Red Herring – “Game Over,” April 1998

Hazel Henderson believes the information age
will bring an end to win-lost economics.

By Deborah Claymon
[email protected]

How is information technology changing global economics? Let me count the ways.  At the most fundamental level, we are now at a bifurcation point.  For hundreds of years, we have used money-based exchange.   This system was an evolution from the earlier days when we bartered.  It doesn’t matter what we call money — coins or paper or blips on a computer screen — the idea is still that we have this substance called money that embodies value and keeps track of transactions.  But now we’re moving back to barter.  And what’s really fascinating is that we are going to a direct, information-based exchange and trading system where money isn’t necessary.  Computers and computer networks give us the capability for sophisticated barter without currencies.  It isn’t just a matter of bartering a pig for a load of hay.  Now we can accomplish multiple-party barter deals, and we have the technological system to keep track of the exchanges.

When do you expect that this return to barter will start affecting our everyday lives?It’s going to be a very gradual thing.  Today it’s most evident in high-level exchanges, especially for developing countries, which are turning to barter to get what they need and therefore circumventing  the necessity of large sums of currency.

Have mainstream economists missed these changes wrought by information technology? Yes, I really think they have.  When you tell economists we are going to a new system that doesn’t use money, they get very upset because all of their degrees and skills come from a focus on money.  This has been a 25-year-long crusade for me, and I’ve earned a lot of enemies in the economics profession.  No one likes to be told that they will be obsolete.

How is the move away from currency affecting worldwide banking? We’re only just now seeing the beginning of this revolution, but what it implies for central bankers and finance ministers is that they have competition.  Bankers have been trying to re-create scarcity on the Internet through new electronic money systems. They are working like mad to do this, because if a pure, information-based paradigm of exchange takes hold, they lose their enormous power base.  A return to barter — to win-win economics — will change all the world’s stock markets and will finally provide an alternative to the banks as a source of capital.

Is a major stock market crash imminent? There’s a 25 percent probability that before we are through with the Asian market meltdown, there will be a major national default somewhere.  This is exactly what I would have expected, since we’ve taken down all the firewalls between economies.  At some point, the finance ministers of the big countries and the central banks will have to get together and establish some regulations for this global casino.

What do you mean by a “global casino”? Speculators are responsible for at least 90 percent of the trading on the daily currency markets.  Traditional economists have always said that currency trading creates very deep markets, but a recent study revealed the opposite.  Not only does currency trading cause increased volatility, but currency traders are also error prone.   So we can expect a lot more disasters like Barings Bank and Orange County, California.

You have advocated a global securities and exchange commission.  What would be the purpose of such an institution?

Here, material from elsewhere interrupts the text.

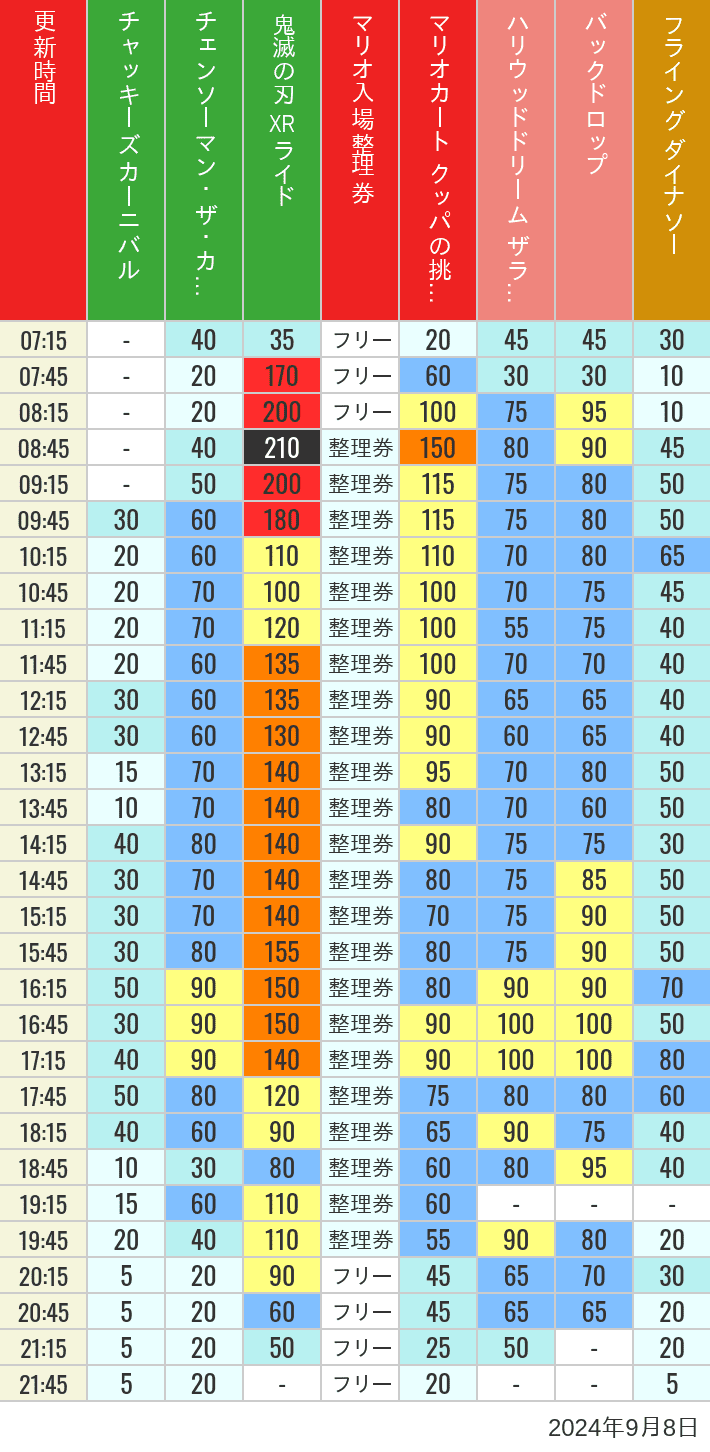 2024年9月8日（日）のスぺファン ハリドリ バックドロップ フラダイ ジュラパライド ミニオンライド ハリポタジャーニー スパイダーマンの待ち時間を7時から21時まで時間別に記録した表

It would be a set of principles requiring companies all over the world to conform to a set of global accounting and trading rules.  Right now we don’t have any harmonization of these rules, and some countries have no rules at all.  It would provide much greater stability in the world markets.  Where we are today is rather like Wall Street in 1929.

Do you think the “only the paranoid survive” approach of the computer industry is the best way to grow the market? To grow the market, the industry has to balance competition and cooperation.   Technology is actually teaching the world about abundance, and the long-term players in this game are the ones that understand that the best way to get market penetration is to connect as many people as possible to the technology.  We’re dealing with an abundant resource: information.  The greater the number of people who are wired up, the more there is for everybody.  I don’t understand why the leaders of the technology industry bring a supercompetitive scarcity mentality with them from the old industrial age.

How do you view the free market competition of the technology industry? The free market says that we have the best of all possible worlds — that we have the technology that individual consumers have decided they want.  Of course, that isn’t actually so.  What we have is huge institutions and huge corporations deciding for us what we want and then putting enormous sums of money into advertising campaigns to ram it down our throats or into bribing politicians in order to get public funds to develop these technologies.

What do you make of the squabbles over standards and operating systems? The battle for capturing global standards is happening in every sector in the world today.  But the Web is one of the first signs of a cooperative public interest model.   Perhaps we can find a way to institutionalize the goals of the Web’s organic beginnings, first for the technology industry and then for other markets.

What are the economic implications of widespread use of the Internet?If this use is regulated and untaxed, eventually it’s going to have very negative consequences on bricks-and-mortar communities all over the world.  It puts people who are rooted in and care about their communities at a terrible disadvantage to people who are footloose and irresponsible.

Do you see any hopeful signs that we are getting more economically cooperative?That’s one of the great promises of the information age — that cooperation will develop along with a greater knowledge of the distant societies.I have been writing about the “love economy” for 25 years.  The love economy is the amount that people desire to be altruistic on a global scale even though such altruism is unrewarded.  The love economy is considered by economists to be irrational. They say being a volunteer is irrational, and yet 89 million Americans still volunteer at least five hours a week in their communities.

What effect has the rise of consumerism had on global economies?There is good news and bad news.  The consumerism of the West is generating an “attention” economy in which time is more important than money.  The producers of goods and the producers of services, entertainment, information, and education are all extremely aware that there are only 24 hours in a day in which to get a person’s attention.  And despite the number of Americans volunteering and turning to less materialistic pursuits, commercial media are still promoting the old-fashioned image of “I am because I have.”

You’ve called for social innovation to match the technological innovations in the computer- and satellite-based “global casino.”  Can a socially responsible business survive today? Yes, as long as they are out there raising the ethical standards as a whole and getting more and more people to understand that they  have choices — that, for example, they can pay ten more dollars for a pair of shoes made without child labor.

You believe that competition has even obscured the benefits of cooperation. What do you think will change our global competitive mind-set? We will continue to create these very unhappy dramas for ourselves — like the Asian crisis — until we learn that in our current system, not everybody can win the game.